For some context (and it will probably only make sense if you've read the books I'm afraid) the children and Puddleglum the marshwiggle are looking for the giants' ruined city and words to tell them where to go to rescue Prince Rilian.
They discovered the words "Under Me" in the rocks, and it led them to the underground world where the prince (who is bewitched and clueless of who he really is) is being kept. They get there, and upon finding him, tell him what their quest is, and about how Aslan told them to look for the words, and they found them, right above where they fell down into the underworld. Prince Rilian proceeds to laugh at them and informs them that what they saw is the remains of the engraving on an old tombstone of a giant king, and in full the verse was:
Though under Earth and throneless now I be,
Yet, while I lived, all Earth was under me.
and that it was carved long ago, and not meant as any sign to them.
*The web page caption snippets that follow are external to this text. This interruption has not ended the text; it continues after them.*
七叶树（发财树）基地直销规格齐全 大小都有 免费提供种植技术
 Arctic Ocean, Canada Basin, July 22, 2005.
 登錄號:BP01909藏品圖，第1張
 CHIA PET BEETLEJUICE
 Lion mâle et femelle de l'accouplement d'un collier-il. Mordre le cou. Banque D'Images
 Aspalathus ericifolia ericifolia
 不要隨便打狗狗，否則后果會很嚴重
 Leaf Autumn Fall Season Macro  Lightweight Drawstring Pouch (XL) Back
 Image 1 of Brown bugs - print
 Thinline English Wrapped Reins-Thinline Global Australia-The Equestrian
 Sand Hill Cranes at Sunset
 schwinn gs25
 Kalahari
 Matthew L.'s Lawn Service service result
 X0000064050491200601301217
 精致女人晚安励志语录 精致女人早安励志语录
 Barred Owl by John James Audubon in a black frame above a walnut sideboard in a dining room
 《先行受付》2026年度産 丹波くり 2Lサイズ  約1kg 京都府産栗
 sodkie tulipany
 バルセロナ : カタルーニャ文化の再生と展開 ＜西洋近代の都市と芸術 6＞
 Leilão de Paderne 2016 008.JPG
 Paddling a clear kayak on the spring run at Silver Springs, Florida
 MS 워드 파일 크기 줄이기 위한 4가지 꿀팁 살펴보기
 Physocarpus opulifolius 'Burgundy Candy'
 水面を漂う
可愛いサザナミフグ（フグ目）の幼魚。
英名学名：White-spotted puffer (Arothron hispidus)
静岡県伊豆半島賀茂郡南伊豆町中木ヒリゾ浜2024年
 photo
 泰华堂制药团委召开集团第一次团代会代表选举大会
Upon hearing this, the children are extremely disheartened and figure they probably haven't found the right place after all, at which point Puddleglum interjects with the passage that made me stop and say "Wow!":
"Don't you mind him," said Puddleglum. "There are no accidents. Our guide is Aslan; and he was there when the giant King caused the letters to be cut, and he knew already all things that would come of them; including this."
I knew The Lion, the Witch, and the Wardrobe was allegorical, we all know that, but I didn't remember that clear reference to God's sovereignty in this book! Simply amazing.
7 comments:
I love the Chronicles of Narnia for that very reason. There are so many points in the books where CS Lewis is clearly speaking of God and it is awesome. I don't think I will ever grow out of loving these books.
I recently reread The Silver Chair and was incredibly impressed by the philosophical arguments presented through the text. I especially noticed this one, above, and the beautiful refutation of agnosticism in the final showdown with the Witch. Additionally, the smell of burnt Marshwiggle is not at all enchanting!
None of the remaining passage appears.